Sensitivity and specificity are the other two metrics used here. Sensitivity is also called recall and specificity is also known as precision. Sensitivity deals with the percentage of correctly classified instances and specificity is the percentage of incorrectly classified instances. Sensitivity measures the proportion of actual positives correctly classified as positive. Specificity measures the exactness of the models and measures the proportion of actual negatives correctly classified as negatives.

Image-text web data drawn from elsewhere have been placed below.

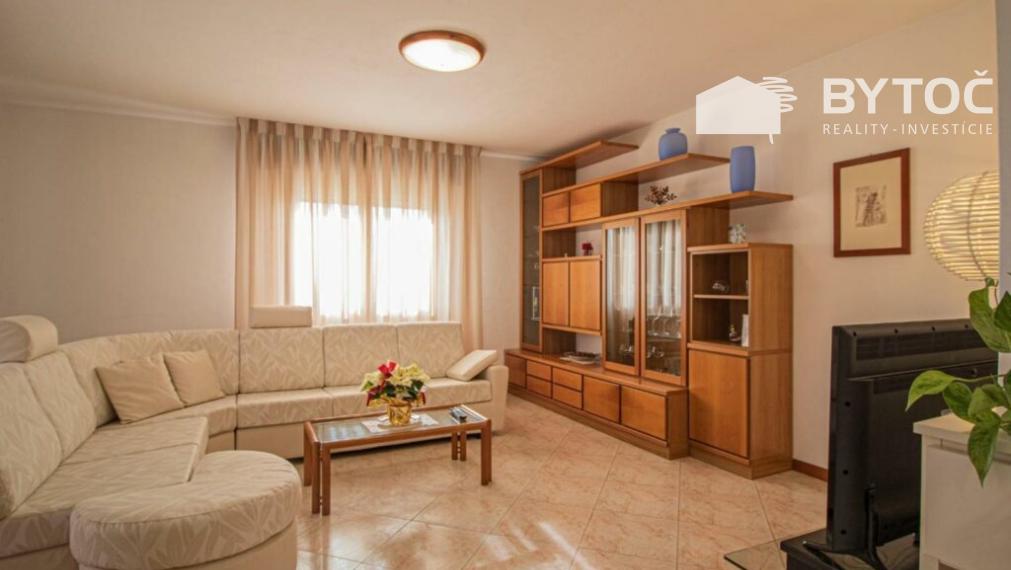 BYTOČ RK - 5-izb. RD s 2-garážou a veľkým pozemkom v Taliansku neďaleko pobrežia - Carlino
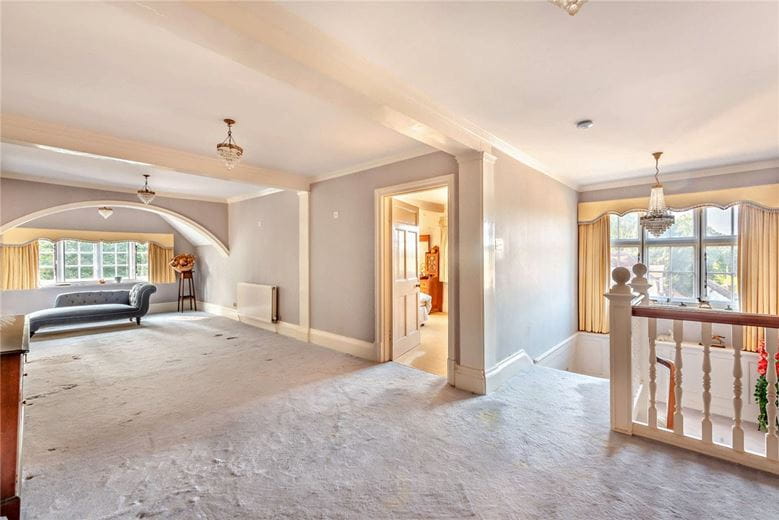 7 bedroom house, East Woodhay, Newbury RG20 - Sold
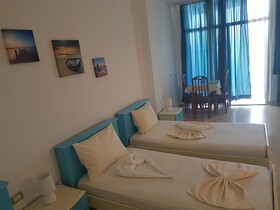 Cocktail & Dreams - Beach Hotel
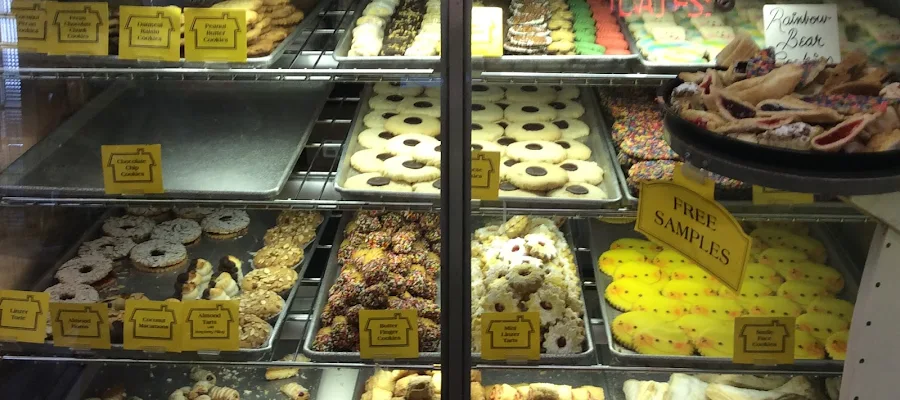 Yellow Cottage Deli & Bakery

$$ {\text{Sensitivity}}\;{\text{or}}\;{\text{Recall}} = {\text{TP}}/\left( {{\text{TP}} + {\text{FN}}} \right) $$
(5)
$$ {\text{Specificity}}\;{\text{or}}\;{\text{Precision}} = {\text{TP}}/\left( {{\text{TP}} + {\text{FP}}} \right) $$
(6)

3.2 Accuracy Estimates of the Algorithms

The accuracy of the models ranged from 79% to 89% (Fig. 1). Ensemble method outperformed other algorithms with an accuracy of 89% and Linear Regression with least accuracy of 79%. Artificial Neural networks showed an accuracy of almost 87%. SVM and Naïve Bayes showed accuracy 84% and 80% respectively. Thus it has been concluded that ensemble methods performed better than other classification methods used.

Fig. 1.
figure 1

Accuracy of prediction of different algorithms. Among all methods used, the Ensemble method showed highest accuracy of prediction (89%) and Linear regression showed the lowest (79%).

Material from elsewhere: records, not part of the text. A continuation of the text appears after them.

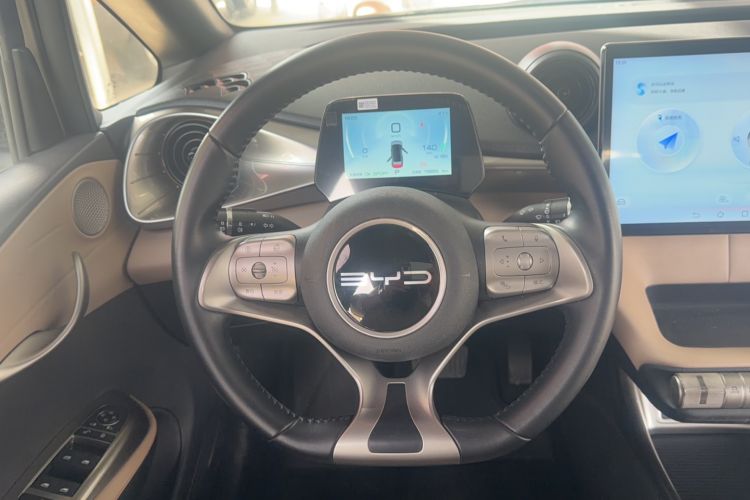 Used BYD Dolphin 2023 420 km Free Version
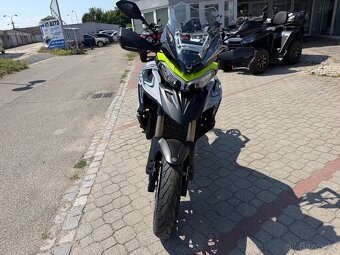 Benelli 902 Stradale - 3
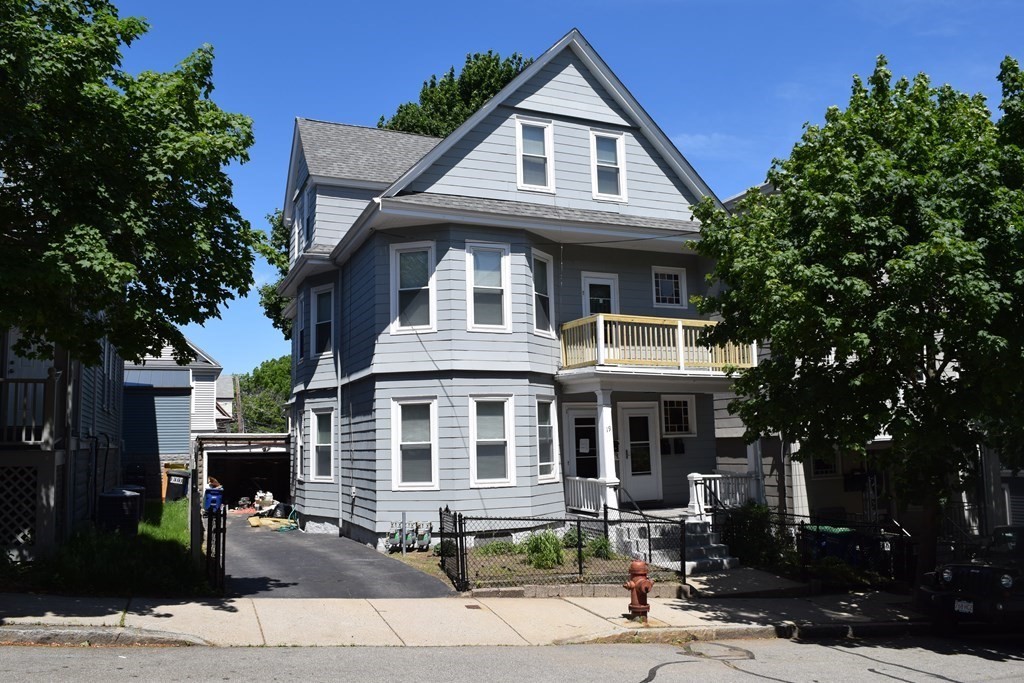 17 Dow St, West Somerville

3.3 Sensitivity and Specificity

Since accuracy of a machine learning algorithm shows the number of correctly predicted instances from all the predictions made, and is not the only measure to evaluate the performance of algorithms, two other measures like sensitivity (recall) and specificity (precision) were also estimated from the data set and plotted (Fig. 2). Sensitivity was calculated to be maximum for ANN (84.14%) and minimum for KNN (81.37%) Specificity was calculated to the maximum for Naïve Bayes model (88.57%) and minimum for linear regression (83.81%).

Fig. 2.
figure 2

Sensitivity and specificity scores

4 Conclusion

In this paper, we used different machine learning algorithms to classify the adulterated milk data set. The Classification accuracies of the algorithms ranged from 79% to 89%, the highest being reported in the Ensemble method. The current Ensemble methods can be further improved using Random Forest and Gradient boosting regressing trees. Only binary classification is used in the models and an extended study can be used to predict the adulterant present in the milk sample [20]. Also less attention was given in this study to capture the actual data set from a region of interest or subject of interest. Future studies should also focus on how automated techniques can be used for optimal utilization of resources, in food industry. Safety can be monitored more rigorously using automated techniques such as machine learning combined with data analytics in cloud computing and block chain technologies.